Short text fragments from websites
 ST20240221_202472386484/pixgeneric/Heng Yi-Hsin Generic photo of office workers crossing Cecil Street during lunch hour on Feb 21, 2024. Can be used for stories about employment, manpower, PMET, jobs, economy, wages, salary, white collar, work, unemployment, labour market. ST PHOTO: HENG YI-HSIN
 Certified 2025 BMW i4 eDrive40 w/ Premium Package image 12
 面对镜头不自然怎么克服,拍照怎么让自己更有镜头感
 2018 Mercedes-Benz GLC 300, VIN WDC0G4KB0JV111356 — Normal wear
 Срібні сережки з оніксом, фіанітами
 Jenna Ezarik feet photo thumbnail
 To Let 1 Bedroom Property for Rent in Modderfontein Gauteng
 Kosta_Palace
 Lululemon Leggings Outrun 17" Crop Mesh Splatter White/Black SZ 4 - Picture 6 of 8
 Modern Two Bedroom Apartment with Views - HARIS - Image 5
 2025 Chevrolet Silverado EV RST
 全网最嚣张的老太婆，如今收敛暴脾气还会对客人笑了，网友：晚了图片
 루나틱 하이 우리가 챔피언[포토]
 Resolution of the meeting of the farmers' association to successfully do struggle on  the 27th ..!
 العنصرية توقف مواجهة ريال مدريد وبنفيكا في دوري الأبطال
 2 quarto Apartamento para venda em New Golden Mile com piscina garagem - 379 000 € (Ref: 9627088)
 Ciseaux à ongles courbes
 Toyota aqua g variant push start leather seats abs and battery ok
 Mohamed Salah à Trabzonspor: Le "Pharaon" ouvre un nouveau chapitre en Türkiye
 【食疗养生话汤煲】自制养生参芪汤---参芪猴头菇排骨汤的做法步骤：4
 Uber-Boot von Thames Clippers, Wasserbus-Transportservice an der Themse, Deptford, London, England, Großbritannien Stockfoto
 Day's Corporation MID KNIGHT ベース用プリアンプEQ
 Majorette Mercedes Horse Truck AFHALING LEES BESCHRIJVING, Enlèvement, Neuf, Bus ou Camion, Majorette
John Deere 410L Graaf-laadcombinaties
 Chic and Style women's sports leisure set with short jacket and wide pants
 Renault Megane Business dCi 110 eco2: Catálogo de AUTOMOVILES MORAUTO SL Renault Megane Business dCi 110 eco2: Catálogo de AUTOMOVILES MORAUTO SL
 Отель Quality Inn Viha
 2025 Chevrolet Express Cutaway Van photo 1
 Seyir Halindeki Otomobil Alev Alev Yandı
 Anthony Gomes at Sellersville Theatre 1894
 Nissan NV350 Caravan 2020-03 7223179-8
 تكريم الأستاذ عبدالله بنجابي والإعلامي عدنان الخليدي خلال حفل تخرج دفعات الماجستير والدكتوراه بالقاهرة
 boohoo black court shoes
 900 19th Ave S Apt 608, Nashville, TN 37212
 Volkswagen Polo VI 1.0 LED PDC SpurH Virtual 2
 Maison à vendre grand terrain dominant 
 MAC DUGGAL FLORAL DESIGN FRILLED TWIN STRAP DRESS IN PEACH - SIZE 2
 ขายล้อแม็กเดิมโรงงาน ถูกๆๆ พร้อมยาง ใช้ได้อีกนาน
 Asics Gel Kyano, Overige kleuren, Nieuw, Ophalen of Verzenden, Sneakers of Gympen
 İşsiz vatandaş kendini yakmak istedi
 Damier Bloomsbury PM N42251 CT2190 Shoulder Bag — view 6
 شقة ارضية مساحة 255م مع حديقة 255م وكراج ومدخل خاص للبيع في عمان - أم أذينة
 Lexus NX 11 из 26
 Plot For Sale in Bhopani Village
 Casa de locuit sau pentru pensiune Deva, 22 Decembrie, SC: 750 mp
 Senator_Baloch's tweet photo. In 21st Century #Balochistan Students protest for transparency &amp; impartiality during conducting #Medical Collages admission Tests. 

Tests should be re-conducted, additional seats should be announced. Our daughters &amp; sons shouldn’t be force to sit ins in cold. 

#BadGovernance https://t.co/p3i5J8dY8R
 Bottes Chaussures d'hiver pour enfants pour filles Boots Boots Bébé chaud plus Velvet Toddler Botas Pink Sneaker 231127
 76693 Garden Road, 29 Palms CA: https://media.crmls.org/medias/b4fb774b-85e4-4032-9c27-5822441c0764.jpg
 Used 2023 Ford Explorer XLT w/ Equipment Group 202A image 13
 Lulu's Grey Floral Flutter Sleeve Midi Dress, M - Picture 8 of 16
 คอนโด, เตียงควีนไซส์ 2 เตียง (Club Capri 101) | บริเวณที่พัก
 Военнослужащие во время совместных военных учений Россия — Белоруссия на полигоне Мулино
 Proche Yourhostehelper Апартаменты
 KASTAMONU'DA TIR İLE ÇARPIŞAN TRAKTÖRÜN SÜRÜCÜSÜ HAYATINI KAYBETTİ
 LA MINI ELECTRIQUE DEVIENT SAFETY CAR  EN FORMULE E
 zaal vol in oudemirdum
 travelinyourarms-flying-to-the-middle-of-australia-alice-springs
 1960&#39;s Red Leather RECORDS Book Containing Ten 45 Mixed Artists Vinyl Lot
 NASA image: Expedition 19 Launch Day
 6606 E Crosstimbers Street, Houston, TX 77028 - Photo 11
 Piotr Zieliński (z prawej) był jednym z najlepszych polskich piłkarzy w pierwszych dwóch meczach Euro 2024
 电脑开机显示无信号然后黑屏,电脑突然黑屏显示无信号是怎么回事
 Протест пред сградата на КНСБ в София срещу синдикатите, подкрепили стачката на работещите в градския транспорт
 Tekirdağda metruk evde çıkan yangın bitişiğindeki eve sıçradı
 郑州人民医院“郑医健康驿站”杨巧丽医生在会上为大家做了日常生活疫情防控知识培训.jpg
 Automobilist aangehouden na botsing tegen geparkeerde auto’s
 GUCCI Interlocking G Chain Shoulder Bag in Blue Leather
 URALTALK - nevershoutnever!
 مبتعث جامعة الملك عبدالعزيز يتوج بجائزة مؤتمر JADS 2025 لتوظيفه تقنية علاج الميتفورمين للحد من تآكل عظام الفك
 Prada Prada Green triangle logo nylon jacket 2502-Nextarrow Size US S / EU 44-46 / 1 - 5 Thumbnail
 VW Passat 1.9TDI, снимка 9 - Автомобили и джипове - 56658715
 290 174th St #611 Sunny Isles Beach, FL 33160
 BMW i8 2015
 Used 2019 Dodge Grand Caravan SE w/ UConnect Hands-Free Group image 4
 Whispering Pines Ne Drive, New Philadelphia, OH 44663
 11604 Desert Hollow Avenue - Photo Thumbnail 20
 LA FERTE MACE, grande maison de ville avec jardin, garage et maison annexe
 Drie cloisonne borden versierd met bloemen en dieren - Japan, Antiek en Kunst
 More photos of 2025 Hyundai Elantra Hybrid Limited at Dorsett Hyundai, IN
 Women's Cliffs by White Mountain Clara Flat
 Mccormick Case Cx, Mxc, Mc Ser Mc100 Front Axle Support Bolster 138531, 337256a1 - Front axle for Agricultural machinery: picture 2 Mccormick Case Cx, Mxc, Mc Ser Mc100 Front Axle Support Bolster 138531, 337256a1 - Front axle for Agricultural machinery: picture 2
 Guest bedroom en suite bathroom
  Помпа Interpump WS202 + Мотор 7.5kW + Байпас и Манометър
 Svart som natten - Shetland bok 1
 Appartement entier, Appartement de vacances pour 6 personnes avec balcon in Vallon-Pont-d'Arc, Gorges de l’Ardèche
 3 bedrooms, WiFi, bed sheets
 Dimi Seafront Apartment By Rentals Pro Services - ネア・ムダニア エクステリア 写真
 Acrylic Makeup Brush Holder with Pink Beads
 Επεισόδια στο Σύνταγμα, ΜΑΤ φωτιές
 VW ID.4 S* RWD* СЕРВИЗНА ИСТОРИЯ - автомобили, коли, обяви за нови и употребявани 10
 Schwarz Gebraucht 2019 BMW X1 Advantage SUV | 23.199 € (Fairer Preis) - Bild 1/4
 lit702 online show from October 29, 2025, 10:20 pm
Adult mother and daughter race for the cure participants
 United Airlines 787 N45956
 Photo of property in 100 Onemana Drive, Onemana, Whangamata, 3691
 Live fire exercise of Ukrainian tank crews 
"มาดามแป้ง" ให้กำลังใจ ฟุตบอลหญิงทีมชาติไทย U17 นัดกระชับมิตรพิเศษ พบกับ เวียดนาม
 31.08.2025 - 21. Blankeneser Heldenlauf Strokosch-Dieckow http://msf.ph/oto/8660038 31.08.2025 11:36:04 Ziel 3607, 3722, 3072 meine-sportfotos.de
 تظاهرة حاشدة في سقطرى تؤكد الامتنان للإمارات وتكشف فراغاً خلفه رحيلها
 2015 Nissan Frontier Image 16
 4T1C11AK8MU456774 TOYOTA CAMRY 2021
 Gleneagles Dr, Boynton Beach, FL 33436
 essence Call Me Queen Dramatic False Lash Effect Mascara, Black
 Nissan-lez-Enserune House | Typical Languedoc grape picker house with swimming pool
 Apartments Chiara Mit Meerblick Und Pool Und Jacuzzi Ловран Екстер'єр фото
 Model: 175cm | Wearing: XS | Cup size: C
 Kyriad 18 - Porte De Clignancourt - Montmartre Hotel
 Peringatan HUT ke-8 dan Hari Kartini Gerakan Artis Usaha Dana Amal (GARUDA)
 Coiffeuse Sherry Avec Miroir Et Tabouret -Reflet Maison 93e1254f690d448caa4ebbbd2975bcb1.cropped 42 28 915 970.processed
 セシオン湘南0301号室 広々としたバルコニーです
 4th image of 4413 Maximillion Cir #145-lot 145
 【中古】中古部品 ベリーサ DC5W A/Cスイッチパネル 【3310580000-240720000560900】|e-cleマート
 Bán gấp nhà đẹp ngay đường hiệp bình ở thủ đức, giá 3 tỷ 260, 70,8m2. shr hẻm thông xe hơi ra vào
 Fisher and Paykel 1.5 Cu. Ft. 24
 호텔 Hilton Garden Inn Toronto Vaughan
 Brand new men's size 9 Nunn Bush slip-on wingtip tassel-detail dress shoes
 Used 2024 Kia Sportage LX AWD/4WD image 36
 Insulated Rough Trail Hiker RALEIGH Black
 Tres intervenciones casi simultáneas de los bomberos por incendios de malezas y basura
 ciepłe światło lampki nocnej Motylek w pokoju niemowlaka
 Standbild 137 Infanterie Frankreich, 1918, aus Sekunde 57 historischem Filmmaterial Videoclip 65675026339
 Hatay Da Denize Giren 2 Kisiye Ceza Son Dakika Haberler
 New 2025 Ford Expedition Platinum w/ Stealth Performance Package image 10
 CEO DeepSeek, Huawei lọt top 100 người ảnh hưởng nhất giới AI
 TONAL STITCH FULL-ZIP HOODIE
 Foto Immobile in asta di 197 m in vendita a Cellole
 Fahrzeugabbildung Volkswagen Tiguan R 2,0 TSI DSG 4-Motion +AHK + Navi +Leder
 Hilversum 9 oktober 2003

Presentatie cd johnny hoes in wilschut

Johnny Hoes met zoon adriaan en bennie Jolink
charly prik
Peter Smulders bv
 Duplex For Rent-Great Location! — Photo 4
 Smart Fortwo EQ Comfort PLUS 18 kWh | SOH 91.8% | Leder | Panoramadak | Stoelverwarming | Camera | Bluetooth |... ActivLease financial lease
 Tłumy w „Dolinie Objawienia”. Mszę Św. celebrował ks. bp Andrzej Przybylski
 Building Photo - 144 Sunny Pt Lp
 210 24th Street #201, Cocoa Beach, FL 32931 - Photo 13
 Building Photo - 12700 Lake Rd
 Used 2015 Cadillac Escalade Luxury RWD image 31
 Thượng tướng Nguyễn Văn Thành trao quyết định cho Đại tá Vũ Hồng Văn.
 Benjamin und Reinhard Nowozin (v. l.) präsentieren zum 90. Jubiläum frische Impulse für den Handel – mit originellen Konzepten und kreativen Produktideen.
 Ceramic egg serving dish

▶ _Exercise details_:
Above are the records; copy exactly the lines from the line with "2025 Chevrolet Silverado EV RST" through the line with "John Deere 410L Graaf-laadcombinaties", both included.

▶ _Reply to the task_:
 2025 Chevrolet Silverado EV RST
 全网最嚣张的老太婆，如今收敛暴脾气还会对客人笑了，网友：晚了图片
 루나틱 하이 우리가 챔피언[포토]
 Resolution of the meeting of the farmers' association to successfully do struggle on  the 27th ..!
 العنصرية توقف مواجهة ريال مدريد وبنفيكا في دوري الأبطال
 2 quarto Apartamento para venda em New Golden Mile com piscina garagem - 379 000 € (Ref: 9627088)
 Ciseaux à ongles courbes
 Toyota aqua g variant push start leather seats abs and battery ok
 Mohamed Salah à Trabzonspor: Le "Pharaon" ouvre un nouveau chapitre en Türkiye
 【食疗养生话汤煲】自制养生参芪汤---参芪猴头菇排骨汤的做法步骤：4
 Uber-Boot von Thames Clippers, Wasserbus-Transportservice an der Themse, Deptford, London, England, Großbritannien Stockfoto
 Day's Corporation MID KNIGHT ベース用プリアンプEQ
 Majorette Mercedes Horse Truck AFHALING LEES BESCHRIJVING, Enlèvement, Neuf, Bus ou Camion, Majorette
John Deere 410L Graaf-laadcombinaties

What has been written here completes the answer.